(STUDY MATERIAL)

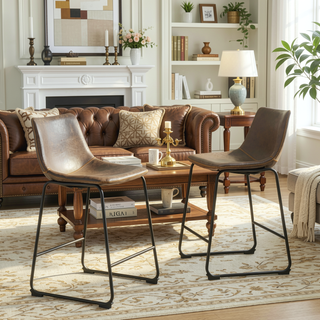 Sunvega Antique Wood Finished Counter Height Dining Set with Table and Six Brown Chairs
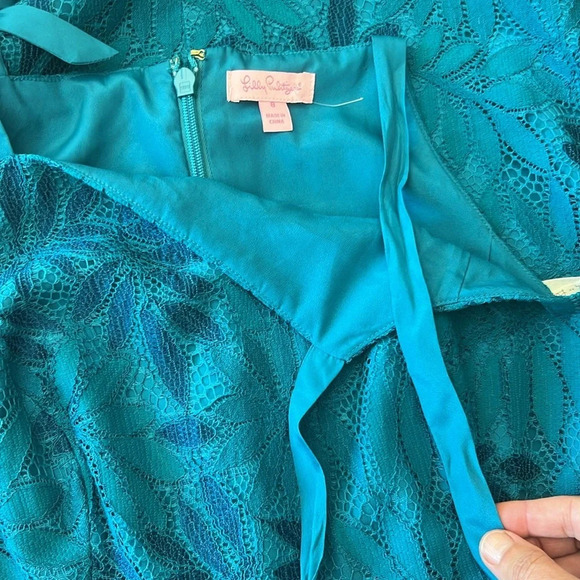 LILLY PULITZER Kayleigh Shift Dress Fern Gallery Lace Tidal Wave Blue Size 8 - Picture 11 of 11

(End STUDY MATERIAL)
(STUDY MATERIAL)

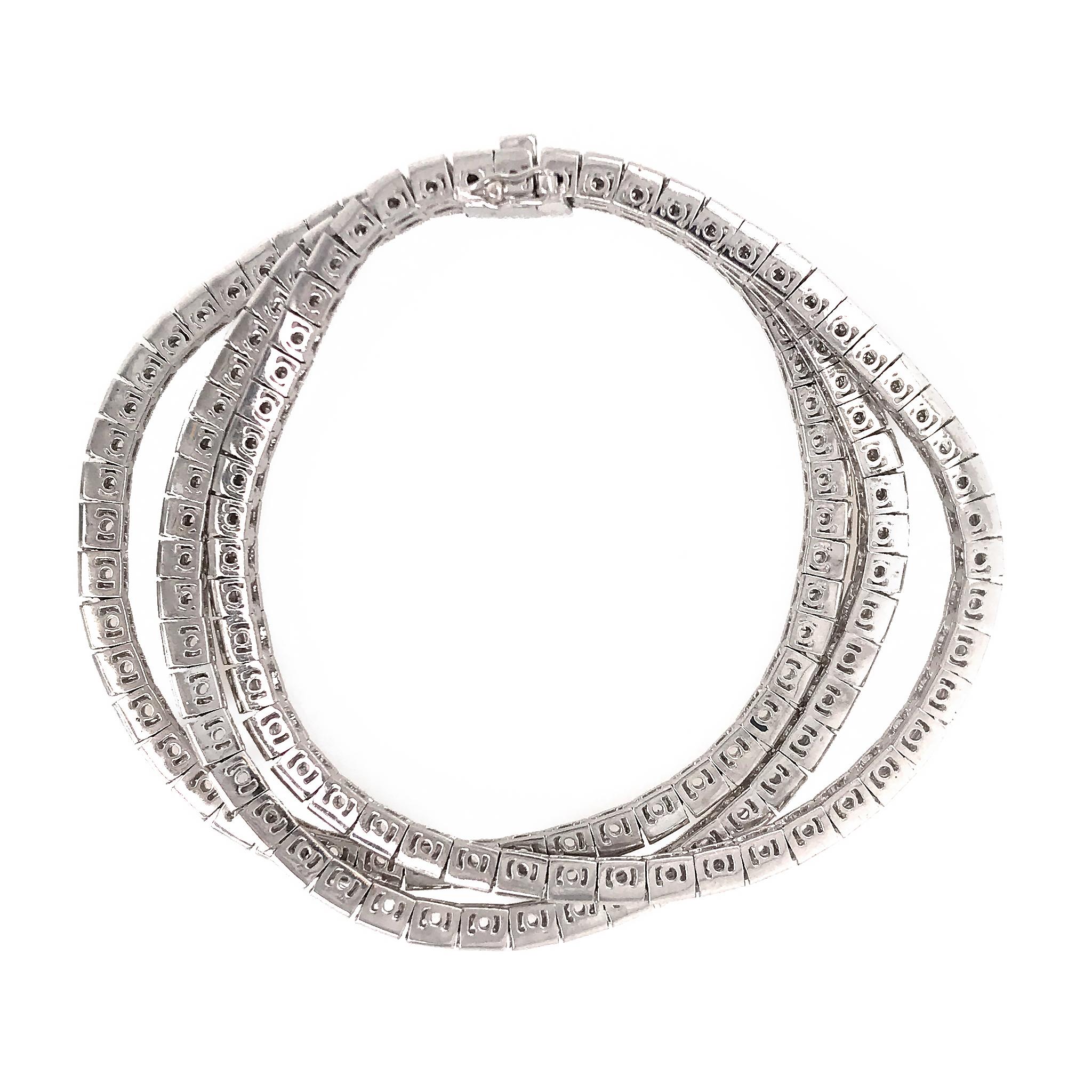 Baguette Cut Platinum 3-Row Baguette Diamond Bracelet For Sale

(End STUDY MATERIAL)

§ WHAT TO WORK ON: Only the lines starting at the one that includes "Sunvega Antique Wood" and ending at the one that includes "LILLY PULITZER Kayleigh" should be retyped, exactly, from the records above; no pictures.

§ RESPONSE:
 Sunvega Antique Wood Finished Counter Height Dining Set with Table and Six Brown Chairs
 LILLY PULITZER Kayleigh Shift Dress Fern Gallery Lace Tidal Wave Blue Size 8 - Picture 11 of 11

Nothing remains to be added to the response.